"And its weird that you keep ignoring the fact that people CAN get the hours if they are working."
I'm not ignoring that fact at all.
I have said nothing at all about my own thoughts about the scheme.
Someone else seems to imagine that I think it is unfair in some way that this childcare is offered to people who are deemed to need it, which is not the case at all.
The point I am making is that it could SEEM unfair to someone who was unable to work because they couldn't afford childcare.
Particularly if the person they know in receipt of this childcare was not working.
IMO it really, really matters that our benefits system is seen to be as fair as possible.
Creating a situation where it can be perceived that if you don't work you get more help with childcare, is very far from ideal if we care about (and I very much do) maintaining public support for social insurance and the welfare state.
It is silly, not to mention incredibly patronising, to keep insisting that it is not childcare. If the OP got those hours, she could afford to work more.
I doubt she would care very much whether it was given as childcare or early years intervention.
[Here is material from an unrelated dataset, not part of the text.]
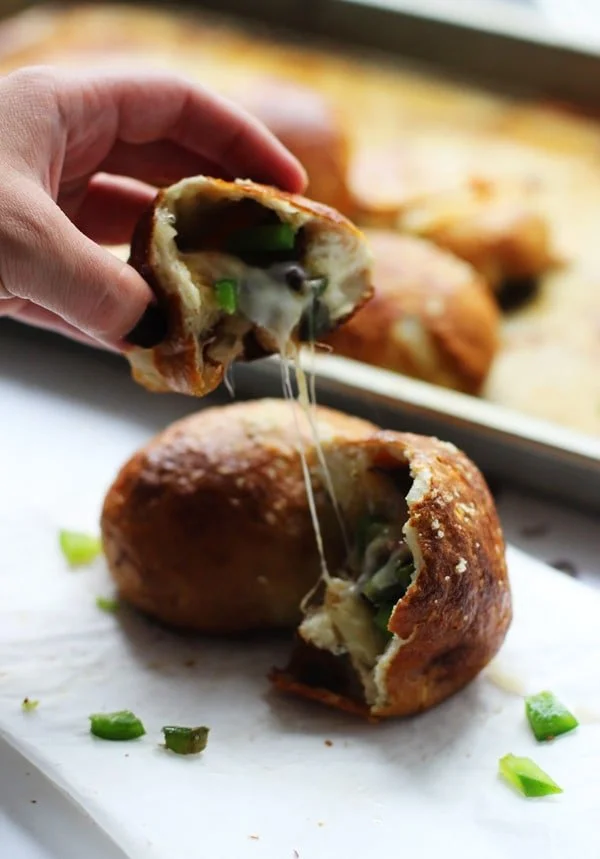 Philly Cheese Steak Pretzel Rolls - All your favorite Philly components stuffed in a pretzel roll!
If she could pay her bills more easily at the end of the month, it would be fine whichever it was.
I'm surprised, and saddened, by the complete lack of sympathy for a woman who has had to cut her work hours because she can't afford childcare.
I would have thought most women would consider that to be a pretty shitty situation.
And it does raise questions about what childcare is being made available and what we can do to provide more support for working mothers in low wage jobs.
Or indeed all families with childcare needs, of any kind.
Being that families with children have been repeatedly the ones losing out during this period of elective "austerity".